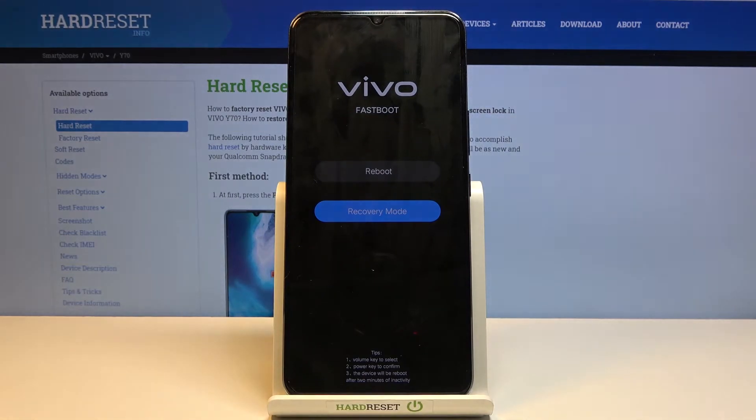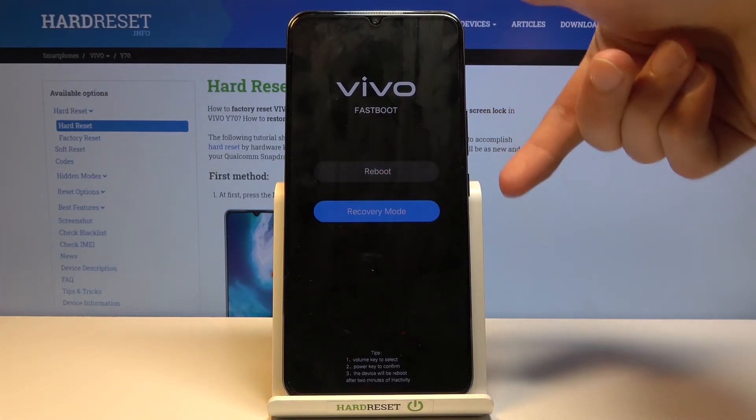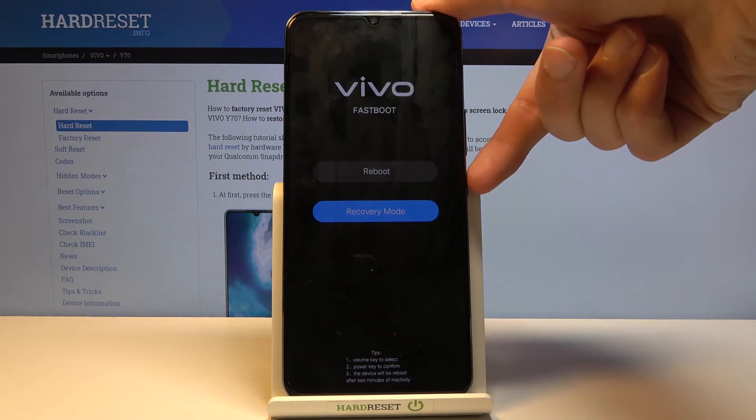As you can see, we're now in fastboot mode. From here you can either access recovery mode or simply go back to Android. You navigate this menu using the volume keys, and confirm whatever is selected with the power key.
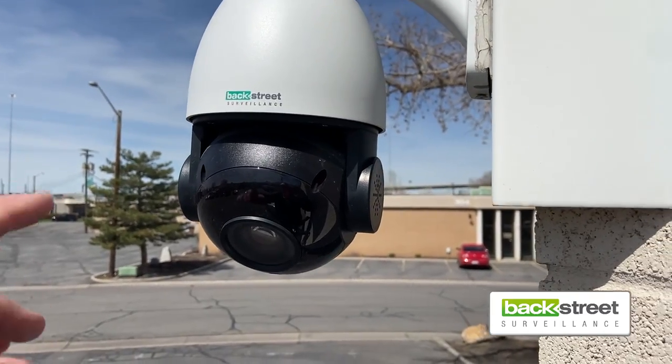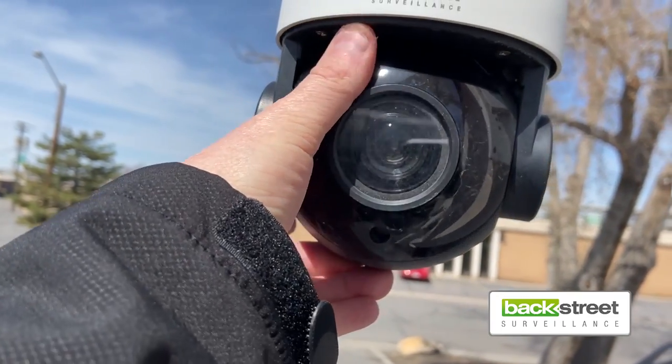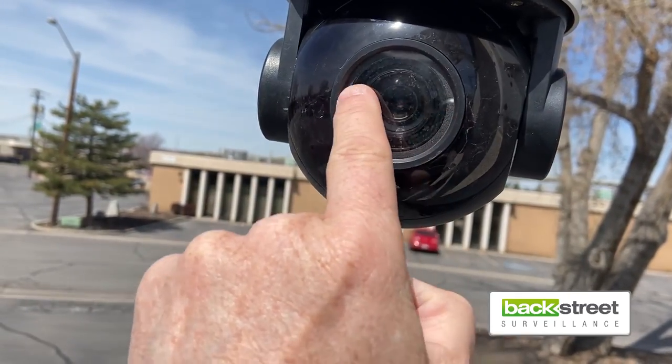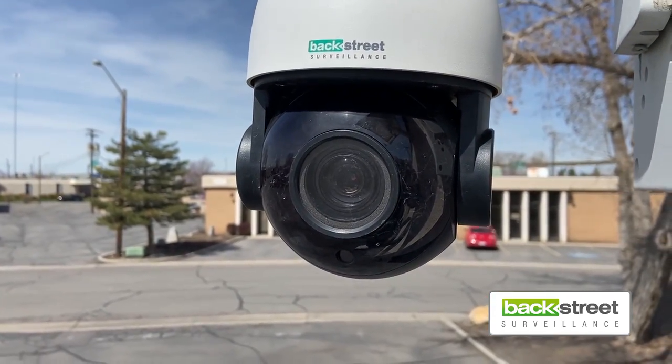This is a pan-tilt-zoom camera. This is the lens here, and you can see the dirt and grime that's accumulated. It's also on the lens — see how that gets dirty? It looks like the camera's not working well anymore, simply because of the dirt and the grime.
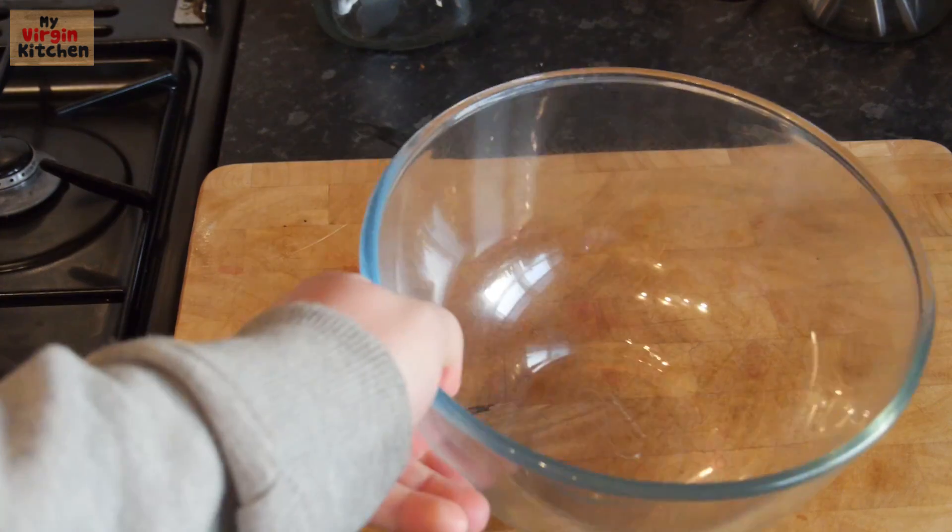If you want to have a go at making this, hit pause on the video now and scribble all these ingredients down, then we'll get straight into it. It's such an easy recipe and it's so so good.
______
WHAT IS EXPECTED
A word-for-word copy of the listing is needed. It must not include the pictures.

RESULT OF THIS EXERCISE
As you can see, we're now in fastboot mode. From here you can either access recovery mode or simply go back to Android. You navigate this menu using the volume keys, and confirm whatever is selected with the power key.
This is a pan-tilt-zoom camera. This is the lens here, and you can see the dirt and grime that's accumulated. It's also on the lens — see how that gets dirty? It looks like the camera's not working well anymore, simply because of the dirt and the grime.
If you want to have a go at making this, hit pause on the video now and scribble all these ingredients down, then we'll get straight into it. It's such an easy recipe and it's so so good.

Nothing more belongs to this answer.